OTOExpo.com – Maraknya pemberitaan mengenai polusi udara di Jakarta, Gubernur DKI Jakarta mengeluarkan kebijakan yang terbilang berani untuk menanggulagi hal tersebut. Tertuang dalam instruksi Gubernur DKI Jakarta No. 66 Tahun 2019 tentang Pengendalian Kualitas Udara.  Dimana dalam salah satu kebijakannya tersebut adalah dengan membatasi usia kendaraan.

Menurutnya, kendaraan yang usianya lebih dari 10 tahun turut menyumbang polusi yang buruk di Jakarta. jadi kendaraan yang berusia lebih dari 10 tahun akan dilarang beroperasi di ibukota Indonesia tersebut.

Akan tetapi, khusus untuk kendaraan yang berbasis listrik, baik itu mobil ataupun motor tidak ada kendala. Malahan jenis kendaraan berbasis listrik pun tidak akan terkena Ganjil Genap yang selama ini sudah diberlakukan di Jakarta.

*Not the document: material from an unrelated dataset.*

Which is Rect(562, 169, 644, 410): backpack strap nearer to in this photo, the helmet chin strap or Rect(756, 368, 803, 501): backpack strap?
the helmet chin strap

Bung Anies menyebutkan penerapan perluasan ganjil genap tidak berlaku untuk semua jenis kendaraan listrik. Hal tersebut disampaikan Anies berkaitan dengan rencana perluasan sistem ganjil genap dalam pengendalian kualitas udara Jakarta.

Mobil Diatas 10 Tahun Dilarang Keliaran Di Jakarta

“Kendaraan berbasis listrik baik mobil dan motor tidak akan diberlakukan sistem ganjil genap, kendaraan listrik anda tidak akan kena ganjil genap” ujar Anies.

Baca Juga : Usia mobil 10 Tahun Dilarang Beroperasi di Jakarta

Menurut Anies, kendaraan berbasis listrik tidak turut serta berkontribusi polusi udara Jakarta menjadi buruk. Anies juga  menyebutkan saat ini Dinas Perhubungan dengan instansi terkait tengah merumuskan perluasan sistem gage tersebut. Termasuk rute jalan yang akan diberlakukan.

Setelah merumuskan sistem perluasan, dalam waktu dekat akan dilakukan sosialisasi dan uji coba hingga akhir bulan sebelum diterapkan sepenuhnya.

Kebijakan lainnya, Anies menginstruksikan untuk mengoptimalisasi penghijauan serta merintis peralihan ke energi terbaru dan mengurangi ketergantungan terhadap bahan bakar fosil.